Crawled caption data

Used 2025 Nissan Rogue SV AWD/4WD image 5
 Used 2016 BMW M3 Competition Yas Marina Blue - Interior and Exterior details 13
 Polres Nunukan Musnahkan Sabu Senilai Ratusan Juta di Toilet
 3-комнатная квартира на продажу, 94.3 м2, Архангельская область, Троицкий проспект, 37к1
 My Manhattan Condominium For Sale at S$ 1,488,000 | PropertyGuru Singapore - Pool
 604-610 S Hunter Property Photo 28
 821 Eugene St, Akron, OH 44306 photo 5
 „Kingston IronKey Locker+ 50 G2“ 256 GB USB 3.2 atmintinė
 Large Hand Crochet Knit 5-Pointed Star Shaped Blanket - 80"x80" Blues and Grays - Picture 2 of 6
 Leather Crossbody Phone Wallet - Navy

ACTIVITY>
From the line containing "3-комнатная квартира на" down to the final line of the data, write out every line exactly; both the first and last of these belong in your answer, and nothing else does.

TASK RESPONSE>
 3-комнатная квартира на продажу, 94.3 м2, Архангельская область, Троицкий проспект, 37к1
 My Manhattan Condominium For Sale at S$ 1,488,000 | PropertyGuru Singapore - Pool
 604-610 S Hunter Property Photo 28
 821 Eugene St, Akron, OH 44306 photo 5
 „Kingston IronKey Locker+ 50 G2“ 256 GB USB 3.2 atmintinė
 Large Hand Crochet Knit 5-Pointed Star Shaped Blanket - 80"x80" Blues and Grays - Picture 2 of 6
 Leather Crossbody Phone Wallet - Navy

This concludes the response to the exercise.